Some of the old buildings at Louisiana’s Frogmore Plantation are from the days of slavery, and recently found slave narratives add a voice of realism for tourists.
Cotton still grows in the fields of Frogmore, just as it has for nearly two centuries. But the plantation also welcomes tourists who see a collection of historic buildings. A tour guide leads visitors through a steam-powered cotton gin that’s on the National Historic Register. And guests step inside the stark cabins that were once the homes of enslaved people. History takes on a feeling of realism as the guide reads the first hand accounts of some of the people forced to live and work on the plantation.

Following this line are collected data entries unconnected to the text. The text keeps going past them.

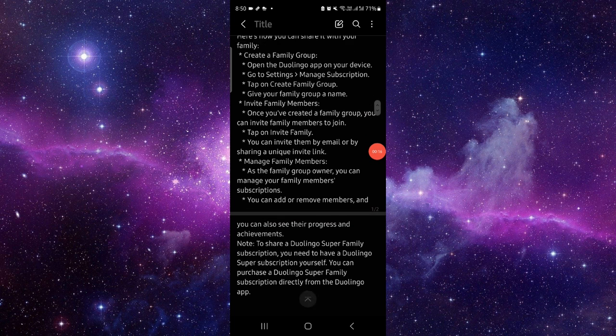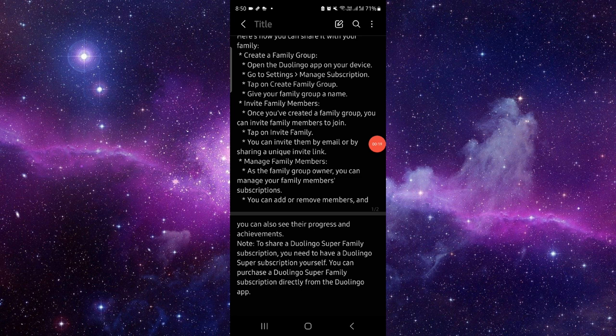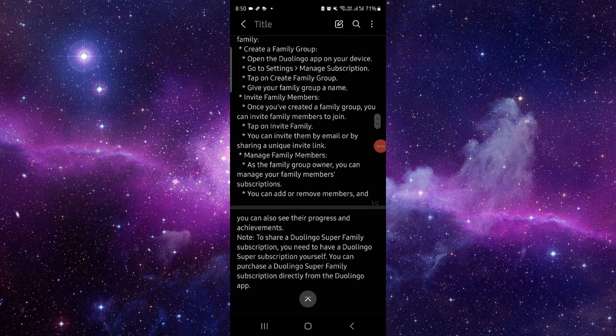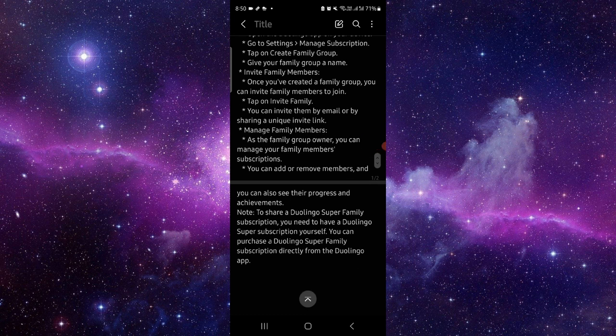Go to Settings, then go to Manage Subscription. Then you have to create the account, and then you can invite your family member. Tap on Family and then it would be done.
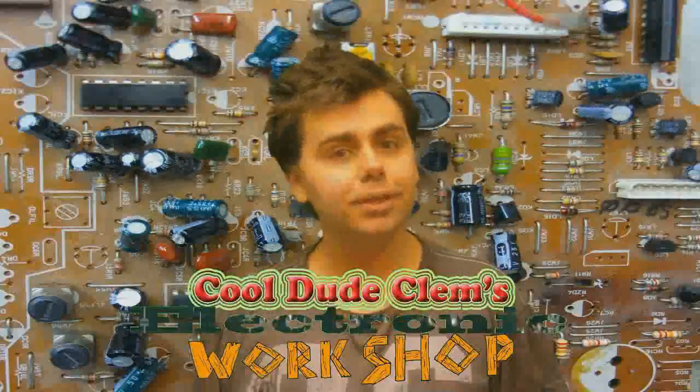Welcome to Cool Dude Clem's Electronic Workshop, with me, your host, Cool Dude Clem.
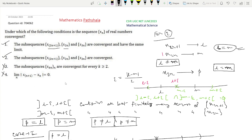In summary, option 1 and option 2 are the correct sufficient conditions. By the standard result, if x₂ₙ₊₁ and x₂ₙ are convergent and have the same limit then xₙ is convergent. In option 2, the extra condition that x₃ₙ is also convergent forces x₂ₙ₊₁ and x₂ₙ to have the same limit, so xₙ is convergent. We gave counterexamples showing options 3 and 4 are not sufficient conditions.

slave narratives keep in real
Frogmore owner Lynette Tanner wanted to know more about the history of plantation life in Louisiana. She found the stories of former slaves in the Library of Congress. More than two-thousand former slaves told their personal stories in the 1930’s to interviewers with the Federal Writers’ Project. The interviews came from all of the southern states except for Louisiana. Apparently, writer Lyle Saxon, who helped supervise the project, kept the Louisiana slave narratives at Melrose Plantation. Those original documents eventually found their way to the library at Northwestern State University in Natchitoches, Louisiana.
lost and found
Tanner has now compiled the narratives from the former Louisiana slaves into a book she titled, “Chained to the Land: Voices from Cotton & Cane Plantations“. “It was not part of our education growing up,” Tanner explained. ” I think so much of the history for adults today was glossed over if it was unkind or not socially accepted history.” Tanner adds, “I’ve gone to great lengths to find the real facts”.
During the plantation tour, visitors hear Tanner explain the achievements of the enslaved Africans as land developers, skilled artisans, jewelry makers and their contributions to Southern music. She hopes that sharing these voices from the past will bring to life the experiences of the enslaved people. And during her presentation, Tanner points out that slavery has not ended, “There are children today that are being captured on the black market, drugged and sold”. She is supportive of efforts by groups like Louisiana United Methodist Children and Family Services that offer shelter and treatment for children.